1 littéralement (hébraïsme) : s'il tombe à terre.

46 Et Saül remonta de la poursuite des Philistins et les Philistins s'en allèrent dans leur lieu.

Aperçu général du règne de Saül

47 Et Saül prit la royauté sur Israël et il fit la guerre tout alentour contre tous ses ennemis : contre Moab, et contre les fils d'Ammon, et contre Édom, et contre les rois de Tsoba, et contre les Philistins. Et partout où il se tournait, il [leur] faisait du mal.

48 Et il forma une armée1, et frappa Amalek, et délivra Israël de la main de ceux qui pillaient ses biens.
1 ou : il déploya [sa] puissance.

49 Et les fils de Saül étaient Jonathan, et Jishvi, et Malki-Shua. Et [voici] les noms de ses deux filles : le nom de l'aînée était Mérab et le nom de la plus jeune, Mical.
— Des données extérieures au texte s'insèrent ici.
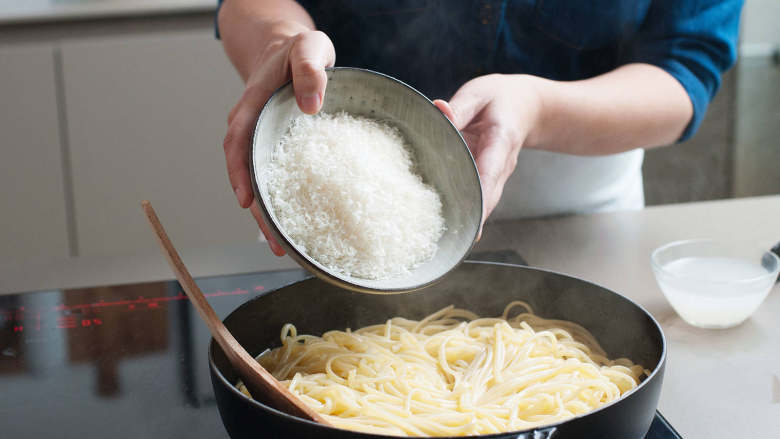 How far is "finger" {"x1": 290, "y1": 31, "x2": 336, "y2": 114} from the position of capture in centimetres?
78

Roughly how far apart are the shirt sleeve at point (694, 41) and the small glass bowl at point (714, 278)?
1.16 feet

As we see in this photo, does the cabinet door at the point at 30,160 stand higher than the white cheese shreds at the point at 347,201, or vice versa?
the white cheese shreds at the point at 347,201

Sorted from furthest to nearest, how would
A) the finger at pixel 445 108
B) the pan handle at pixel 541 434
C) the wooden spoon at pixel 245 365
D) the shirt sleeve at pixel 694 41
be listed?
the shirt sleeve at pixel 694 41, the finger at pixel 445 108, the wooden spoon at pixel 245 365, the pan handle at pixel 541 434

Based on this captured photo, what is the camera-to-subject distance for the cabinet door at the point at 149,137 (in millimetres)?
2668

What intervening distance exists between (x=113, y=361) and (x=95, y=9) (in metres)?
1.95

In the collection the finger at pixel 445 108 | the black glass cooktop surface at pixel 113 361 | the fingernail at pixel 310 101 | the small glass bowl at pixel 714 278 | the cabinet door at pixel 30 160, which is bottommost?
the cabinet door at pixel 30 160

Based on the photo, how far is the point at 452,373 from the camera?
937mm

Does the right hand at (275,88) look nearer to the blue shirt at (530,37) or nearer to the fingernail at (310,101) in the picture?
the fingernail at (310,101)

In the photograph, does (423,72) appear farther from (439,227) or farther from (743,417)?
(743,417)

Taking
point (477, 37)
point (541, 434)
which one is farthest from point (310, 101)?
point (477, 37)

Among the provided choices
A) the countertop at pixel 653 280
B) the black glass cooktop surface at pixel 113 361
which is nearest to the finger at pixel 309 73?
the black glass cooktop surface at pixel 113 361

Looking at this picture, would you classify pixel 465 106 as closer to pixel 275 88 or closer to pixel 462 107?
pixel 462 107

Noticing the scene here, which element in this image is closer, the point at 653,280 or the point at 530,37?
the point at 653,280

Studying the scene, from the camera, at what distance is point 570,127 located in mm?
1287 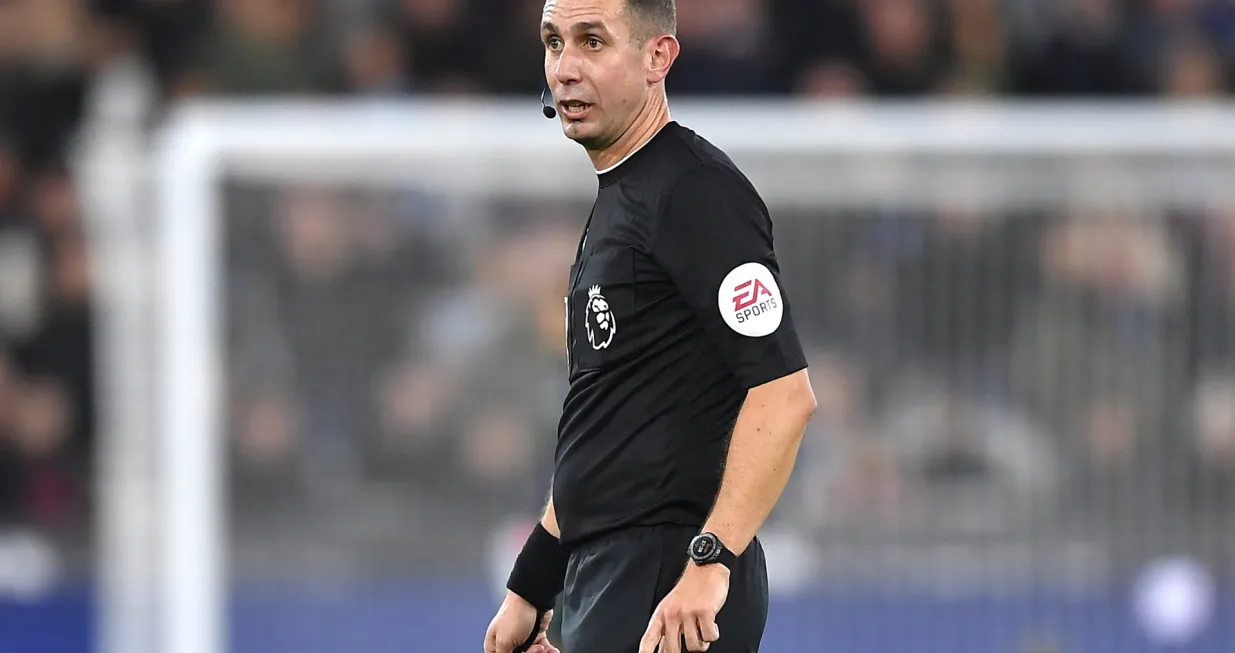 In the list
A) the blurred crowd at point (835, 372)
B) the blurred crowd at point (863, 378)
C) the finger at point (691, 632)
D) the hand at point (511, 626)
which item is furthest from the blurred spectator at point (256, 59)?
the finger at point (691, 632)

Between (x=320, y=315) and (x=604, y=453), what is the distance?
458 cm

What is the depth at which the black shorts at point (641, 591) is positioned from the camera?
12.3ft

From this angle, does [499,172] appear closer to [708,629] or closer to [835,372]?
[835,372]

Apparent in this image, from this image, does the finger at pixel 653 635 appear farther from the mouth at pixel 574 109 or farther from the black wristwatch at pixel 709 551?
the mouth at pixel 574 109

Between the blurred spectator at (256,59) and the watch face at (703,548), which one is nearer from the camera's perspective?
the watch face at (703,548)

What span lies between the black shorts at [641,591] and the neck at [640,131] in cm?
74

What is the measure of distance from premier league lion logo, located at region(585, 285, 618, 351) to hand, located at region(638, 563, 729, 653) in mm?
511

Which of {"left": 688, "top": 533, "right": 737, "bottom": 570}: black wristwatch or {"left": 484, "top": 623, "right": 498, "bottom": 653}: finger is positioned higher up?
{"left": 688, "top": 533, "right": 737, "bottom": 570}: black wristwatch

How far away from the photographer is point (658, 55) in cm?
386

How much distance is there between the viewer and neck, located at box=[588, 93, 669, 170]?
3879 mm

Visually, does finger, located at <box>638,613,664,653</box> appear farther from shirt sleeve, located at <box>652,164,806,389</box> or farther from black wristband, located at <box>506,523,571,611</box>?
black wristband, located at <box>506,523,571,611</box>

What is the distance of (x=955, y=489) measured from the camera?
7.94 metres

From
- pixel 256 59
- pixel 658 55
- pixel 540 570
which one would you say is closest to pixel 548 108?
pixel 658 55

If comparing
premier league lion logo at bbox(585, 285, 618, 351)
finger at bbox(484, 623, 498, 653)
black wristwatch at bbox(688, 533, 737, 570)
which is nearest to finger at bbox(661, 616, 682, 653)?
black wristwatch at bbox(688, 533, 737, 570) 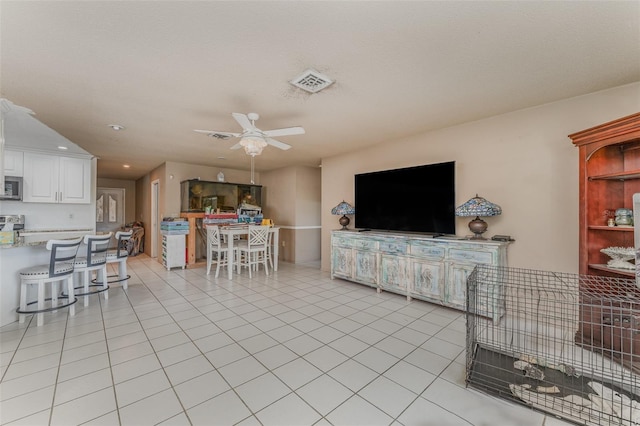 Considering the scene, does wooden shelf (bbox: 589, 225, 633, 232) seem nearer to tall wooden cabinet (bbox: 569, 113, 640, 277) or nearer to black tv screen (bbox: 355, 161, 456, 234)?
tall wooden cabinet (bbox: 569, 113, 640, 277)

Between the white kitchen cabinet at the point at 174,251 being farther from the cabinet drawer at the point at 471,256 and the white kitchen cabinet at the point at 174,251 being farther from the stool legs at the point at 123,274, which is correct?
the cabinet drawer at the point at 471,256

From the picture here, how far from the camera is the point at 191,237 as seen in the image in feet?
19.7

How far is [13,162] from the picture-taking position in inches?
163

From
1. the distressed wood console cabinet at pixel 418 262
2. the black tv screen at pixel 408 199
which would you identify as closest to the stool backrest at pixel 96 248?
the distressed wood console cabinet at pixel 418 262

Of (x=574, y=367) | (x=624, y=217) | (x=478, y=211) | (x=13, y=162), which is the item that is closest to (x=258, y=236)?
(x=478, y=211)

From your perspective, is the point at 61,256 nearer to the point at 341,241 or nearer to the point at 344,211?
the point at 341,241

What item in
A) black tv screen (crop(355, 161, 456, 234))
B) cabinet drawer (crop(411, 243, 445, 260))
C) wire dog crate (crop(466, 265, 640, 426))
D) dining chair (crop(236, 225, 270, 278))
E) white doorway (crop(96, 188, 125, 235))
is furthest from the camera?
white doorway (crop(96, 188, 125, 235))

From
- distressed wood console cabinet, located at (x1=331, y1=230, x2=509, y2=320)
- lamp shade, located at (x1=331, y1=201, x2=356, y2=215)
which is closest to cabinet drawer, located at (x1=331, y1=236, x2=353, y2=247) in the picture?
distressed wood console cabinet, located at (x1=331, y1=230, x2=509, y2=320)

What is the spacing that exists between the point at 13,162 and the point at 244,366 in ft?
16.9

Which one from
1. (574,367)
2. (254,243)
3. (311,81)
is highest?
(311,81)

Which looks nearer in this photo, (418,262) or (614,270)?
(614,270)

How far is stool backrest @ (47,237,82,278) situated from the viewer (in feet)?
9.46

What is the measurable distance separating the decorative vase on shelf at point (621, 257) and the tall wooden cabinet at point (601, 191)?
9 cm

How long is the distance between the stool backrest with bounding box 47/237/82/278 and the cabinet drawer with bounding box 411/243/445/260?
425 centimetres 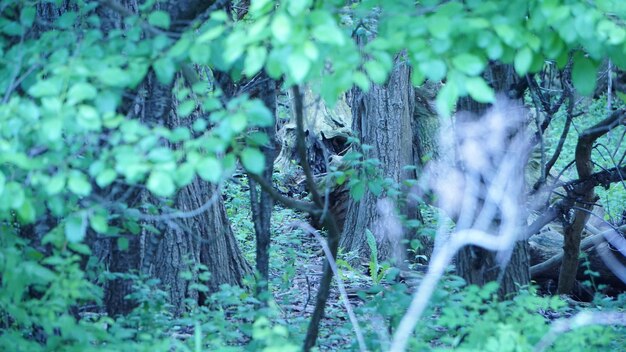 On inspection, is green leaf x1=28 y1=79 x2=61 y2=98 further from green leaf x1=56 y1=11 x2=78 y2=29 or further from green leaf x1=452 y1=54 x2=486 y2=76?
green leaf x1=452 y1=54 x2=486 y2=76

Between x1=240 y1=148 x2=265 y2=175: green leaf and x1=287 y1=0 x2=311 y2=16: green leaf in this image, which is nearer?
x1=287 y1=0 x2=311 y2=16: green leaf

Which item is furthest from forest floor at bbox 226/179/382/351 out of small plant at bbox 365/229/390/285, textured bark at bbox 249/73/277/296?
textured bark at bbox 249/73/277/296

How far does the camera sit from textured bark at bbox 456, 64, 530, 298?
207 inches

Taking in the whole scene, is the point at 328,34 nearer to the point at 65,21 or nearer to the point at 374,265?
the point at 65,21

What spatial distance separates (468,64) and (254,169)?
94 cm

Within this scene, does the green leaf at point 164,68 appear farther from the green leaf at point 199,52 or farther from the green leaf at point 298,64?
the green leaf at point 298,64

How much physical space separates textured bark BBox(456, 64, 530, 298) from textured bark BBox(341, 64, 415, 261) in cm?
394

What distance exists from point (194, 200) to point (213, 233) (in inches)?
14.3

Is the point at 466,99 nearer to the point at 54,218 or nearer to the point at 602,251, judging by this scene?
the point at 54,218

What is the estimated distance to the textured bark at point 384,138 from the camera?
950 centimetres

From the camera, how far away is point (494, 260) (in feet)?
17.4

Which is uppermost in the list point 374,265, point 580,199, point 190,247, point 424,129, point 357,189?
point 424,129

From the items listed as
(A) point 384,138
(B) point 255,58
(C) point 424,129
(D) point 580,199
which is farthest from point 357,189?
(C) point 424,129

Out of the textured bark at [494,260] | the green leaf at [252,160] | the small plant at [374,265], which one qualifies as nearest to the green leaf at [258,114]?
the green leaf at [252,160] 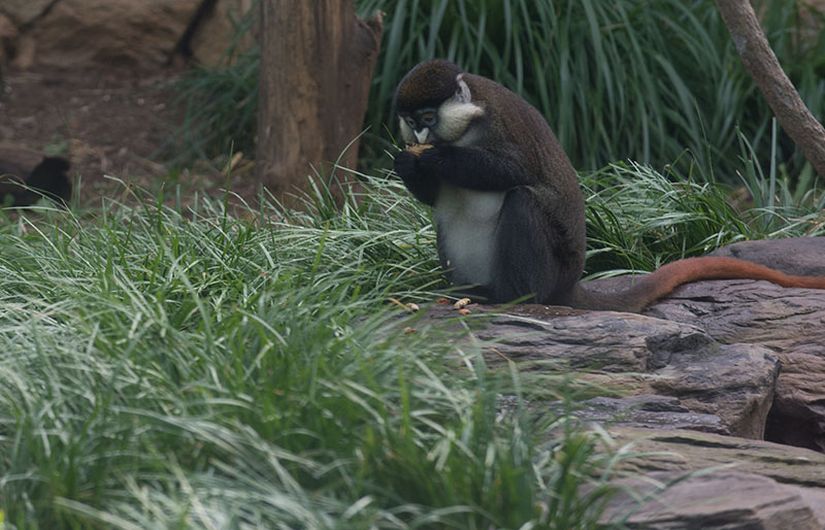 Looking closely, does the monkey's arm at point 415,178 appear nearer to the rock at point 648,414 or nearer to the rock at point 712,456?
the rock at point 648,414

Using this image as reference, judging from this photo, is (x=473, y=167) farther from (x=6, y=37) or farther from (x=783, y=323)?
(x=6, y=37)

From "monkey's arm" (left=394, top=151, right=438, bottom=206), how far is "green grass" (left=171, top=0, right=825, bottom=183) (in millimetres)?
2667

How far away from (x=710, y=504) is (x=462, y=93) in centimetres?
182

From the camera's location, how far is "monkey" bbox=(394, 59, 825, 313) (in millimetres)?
4047

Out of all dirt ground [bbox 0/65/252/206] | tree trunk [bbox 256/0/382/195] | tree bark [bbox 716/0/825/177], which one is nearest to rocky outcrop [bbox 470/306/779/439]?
tree bark [bbox 716/0/825/177]

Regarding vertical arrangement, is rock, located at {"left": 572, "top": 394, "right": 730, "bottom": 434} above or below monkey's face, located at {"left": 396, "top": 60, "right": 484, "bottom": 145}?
below

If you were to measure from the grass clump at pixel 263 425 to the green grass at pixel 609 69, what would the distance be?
3.61 meters

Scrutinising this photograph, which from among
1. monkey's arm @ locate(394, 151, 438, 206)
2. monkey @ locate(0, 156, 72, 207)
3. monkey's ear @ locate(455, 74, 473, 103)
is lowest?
monkey @ locate(0, 156, 72, 207)

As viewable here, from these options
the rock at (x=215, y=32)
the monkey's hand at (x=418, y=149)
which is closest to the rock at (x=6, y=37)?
the rock at (x=215, y=32)

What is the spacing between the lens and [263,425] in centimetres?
268

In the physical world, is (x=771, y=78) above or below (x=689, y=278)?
above

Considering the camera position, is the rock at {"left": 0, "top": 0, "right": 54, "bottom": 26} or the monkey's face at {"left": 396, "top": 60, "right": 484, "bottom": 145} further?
the rock at {"left": 0, "top": 0, "right": 54, "bottom": 26}

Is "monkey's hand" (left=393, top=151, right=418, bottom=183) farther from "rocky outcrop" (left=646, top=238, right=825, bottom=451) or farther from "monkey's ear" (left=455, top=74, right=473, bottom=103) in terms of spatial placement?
"rocky outcrop" (left=646, top=238, right=825, bottom=451)

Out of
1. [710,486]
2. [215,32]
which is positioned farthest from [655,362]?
[215,32] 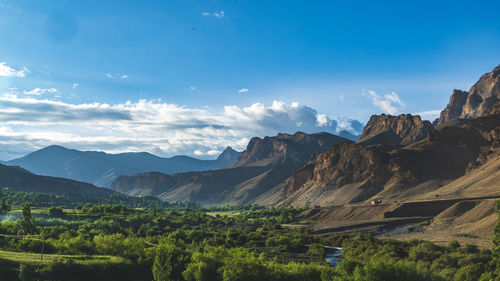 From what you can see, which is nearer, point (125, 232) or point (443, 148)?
point (125, 232)

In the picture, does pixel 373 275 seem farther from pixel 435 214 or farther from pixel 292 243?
pixel 435 214

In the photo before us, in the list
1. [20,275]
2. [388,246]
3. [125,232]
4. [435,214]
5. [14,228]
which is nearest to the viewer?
[20,275]

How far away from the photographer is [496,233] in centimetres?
5906

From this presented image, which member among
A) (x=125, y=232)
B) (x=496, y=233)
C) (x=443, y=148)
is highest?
(x=443, y=148)

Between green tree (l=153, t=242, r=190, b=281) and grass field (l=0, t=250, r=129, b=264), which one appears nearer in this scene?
grass field (l=0, t=250, r=129, b=264)

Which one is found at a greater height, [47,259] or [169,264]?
[47,259]

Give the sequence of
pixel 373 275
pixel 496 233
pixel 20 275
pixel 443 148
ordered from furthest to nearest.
→ pixel 443 148, pixel 496 233, pixel 373 275, pixel 20 275

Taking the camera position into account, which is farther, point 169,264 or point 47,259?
point 169,264

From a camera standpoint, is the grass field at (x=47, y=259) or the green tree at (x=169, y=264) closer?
the grass field at (x=47, y=259)

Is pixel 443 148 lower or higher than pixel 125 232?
higher

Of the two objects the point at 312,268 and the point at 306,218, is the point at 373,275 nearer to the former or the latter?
the point at 312,268

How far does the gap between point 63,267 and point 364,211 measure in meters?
116

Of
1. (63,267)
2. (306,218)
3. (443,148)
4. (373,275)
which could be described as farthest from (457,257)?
(443,148)

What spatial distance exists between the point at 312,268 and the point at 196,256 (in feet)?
46.5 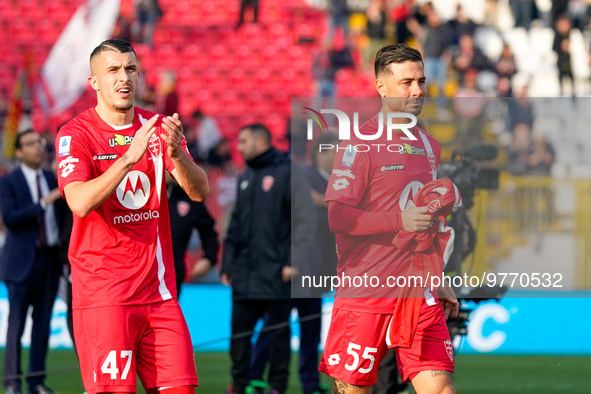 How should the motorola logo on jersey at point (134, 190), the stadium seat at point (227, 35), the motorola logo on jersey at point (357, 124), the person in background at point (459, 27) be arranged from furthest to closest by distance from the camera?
the stadium seat at point (227, 35) < the person in background at point (459, 27) < the motorola logo on jersey at point (357, 124) < the motorola logo on jersey at point (134, 190)

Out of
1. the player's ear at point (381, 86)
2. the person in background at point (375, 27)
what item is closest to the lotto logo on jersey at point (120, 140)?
the player's ear at point (381, 86)

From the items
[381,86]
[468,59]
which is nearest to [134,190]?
[381,86]

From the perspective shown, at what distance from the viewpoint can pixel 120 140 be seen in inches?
145

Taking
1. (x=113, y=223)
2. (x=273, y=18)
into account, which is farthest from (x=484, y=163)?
(x=273, y=18)

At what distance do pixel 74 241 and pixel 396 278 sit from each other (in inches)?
58.1

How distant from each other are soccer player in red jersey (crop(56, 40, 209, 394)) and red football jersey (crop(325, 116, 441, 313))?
682 millimetres

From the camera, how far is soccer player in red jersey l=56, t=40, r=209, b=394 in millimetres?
3547

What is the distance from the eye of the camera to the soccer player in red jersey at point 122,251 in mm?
3547

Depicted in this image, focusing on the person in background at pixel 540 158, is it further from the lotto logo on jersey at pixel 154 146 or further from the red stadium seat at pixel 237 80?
the red stadium seat at pixel 237 80

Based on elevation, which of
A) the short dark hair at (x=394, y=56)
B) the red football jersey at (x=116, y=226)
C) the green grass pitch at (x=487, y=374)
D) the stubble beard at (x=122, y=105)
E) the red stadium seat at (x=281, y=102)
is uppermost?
the red stadium seat at (x=281, y=102)

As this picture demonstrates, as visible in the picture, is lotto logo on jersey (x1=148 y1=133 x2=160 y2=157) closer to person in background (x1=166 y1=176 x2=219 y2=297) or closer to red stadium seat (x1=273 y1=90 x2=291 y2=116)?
person in background (x1=166 y1=176 x2=219 y2=297)

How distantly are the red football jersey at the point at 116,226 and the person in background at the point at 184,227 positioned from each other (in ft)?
8.64

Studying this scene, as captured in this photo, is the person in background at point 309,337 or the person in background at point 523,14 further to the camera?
the person in background at point 523,14

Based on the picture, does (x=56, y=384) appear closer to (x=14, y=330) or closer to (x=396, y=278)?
(x=14, y=330) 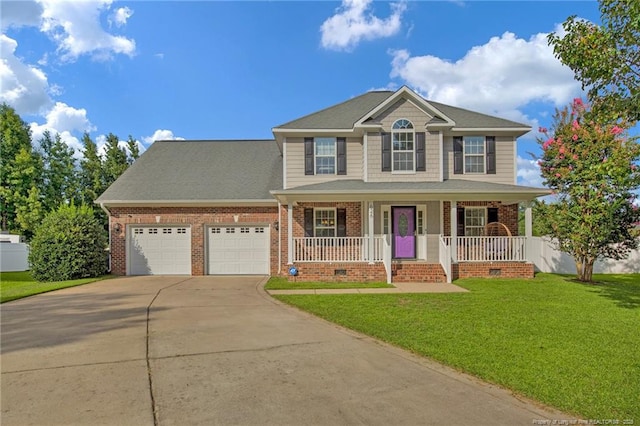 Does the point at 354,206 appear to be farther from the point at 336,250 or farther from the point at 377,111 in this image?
the point at 377,111

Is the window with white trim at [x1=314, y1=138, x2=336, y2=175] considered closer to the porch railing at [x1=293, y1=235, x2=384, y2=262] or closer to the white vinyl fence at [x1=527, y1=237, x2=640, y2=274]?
the porch railing at [x1=293, y1=235, x2=384, y2=262]

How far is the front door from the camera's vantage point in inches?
545

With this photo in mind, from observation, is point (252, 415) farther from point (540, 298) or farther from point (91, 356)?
point (540, 298)

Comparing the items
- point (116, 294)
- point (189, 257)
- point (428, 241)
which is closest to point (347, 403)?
point (116, 294)

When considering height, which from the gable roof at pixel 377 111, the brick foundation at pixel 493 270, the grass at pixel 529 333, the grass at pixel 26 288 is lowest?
the grass at pixel 26 288

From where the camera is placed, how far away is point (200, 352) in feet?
17.2

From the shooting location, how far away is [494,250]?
12.9 metres

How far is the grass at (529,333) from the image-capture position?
156 inches

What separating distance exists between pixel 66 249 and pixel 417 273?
1280 cm

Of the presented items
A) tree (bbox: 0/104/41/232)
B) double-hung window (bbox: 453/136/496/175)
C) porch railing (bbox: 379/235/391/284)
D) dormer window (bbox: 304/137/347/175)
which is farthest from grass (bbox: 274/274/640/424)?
tree (bbox: 0/104/41/232)

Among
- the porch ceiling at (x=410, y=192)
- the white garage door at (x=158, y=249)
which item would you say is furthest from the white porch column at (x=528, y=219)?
the white garage door at (x=158, y=249)

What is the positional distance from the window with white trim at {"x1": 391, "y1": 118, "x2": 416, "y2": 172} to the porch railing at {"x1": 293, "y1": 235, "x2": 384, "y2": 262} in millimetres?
3120

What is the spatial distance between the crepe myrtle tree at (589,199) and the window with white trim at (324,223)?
8.12m

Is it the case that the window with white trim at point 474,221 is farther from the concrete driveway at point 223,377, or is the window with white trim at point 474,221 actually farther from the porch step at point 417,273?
the concrete driveway at point 223,377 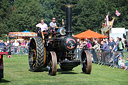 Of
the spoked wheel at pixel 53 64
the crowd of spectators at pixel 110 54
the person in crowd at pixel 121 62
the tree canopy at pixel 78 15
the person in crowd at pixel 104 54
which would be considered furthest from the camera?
the tree canopy at pixel 78 15

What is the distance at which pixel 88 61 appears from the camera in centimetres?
1383

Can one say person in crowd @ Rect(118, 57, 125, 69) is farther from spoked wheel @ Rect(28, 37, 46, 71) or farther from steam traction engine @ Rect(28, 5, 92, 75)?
spoked wheel @ Rect(28, 37, 46, 71)

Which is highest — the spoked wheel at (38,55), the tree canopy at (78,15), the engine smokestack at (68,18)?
the tree canopy at (78,15)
50 Et le nom de la femme de Saül était Akhinoam, fille d'Akhimaats. Et le nom du chef de son armée était Abner1, fils de Ner, oncle de Saül.
1 hébreu, ici : Abiner.

51 Et Kis, père de Saül, et Ner, père d'Abner, étaient fils d'Abiel.

52 Et la guerre fut forte contre les Philistins durant tous les jours de Saül. Et quand Saül voyait quelque homme fort et quelque homme courageux, il le prenait auprès de lui.

Veillons sur nos paroles et en particulier sur les promesses que nous pouvons faire. Nous avons vu hier les suites malheureuses du serment irréfléchi que Saül avait prononcé. Il a inutilement affaibli son armée, empêché la fin de la poursuite, amené le peuple à transgresser le commandement relatif au sang. Une dernière conséquence — mais qui, pas plus que les précédentes, n'ouvrira les yeux du pauvre roi — va être la condamnation du seul homme de foi précisément: le vaillant Jonathan. Celui-ci se trouve à présent en danger de mort, non par l'épée des Philistins, mais du fait de son propre père! Derrière tout cela nous comprenons que c'est Satan lui-même qui agit. Il tente par ce moyen de se débarrasser de l'homme de Dieu; toutefois l'Éternel ne le permet pas et se sert du peuple pour délivrer Jonathan. Cette scène ressemble à celle qui suivit la défaite d'Aï (Josué 7 js 7.1-26). Mais ici tous les torts sont du côté de Saül dont la folie et l'orgueil aveugle sont manifestés aux yeux de tous. Et loin de compter dorénavant sur l'Éternel qui avait donné la victoire, le roi continue à s'appuyer sur la chair, en mobilisant des hommes forts et courageux pour sa garde personnelle, un recrutement bien différent de celui de David plus tard (ch. 22 v. 2 1s 22.1-2).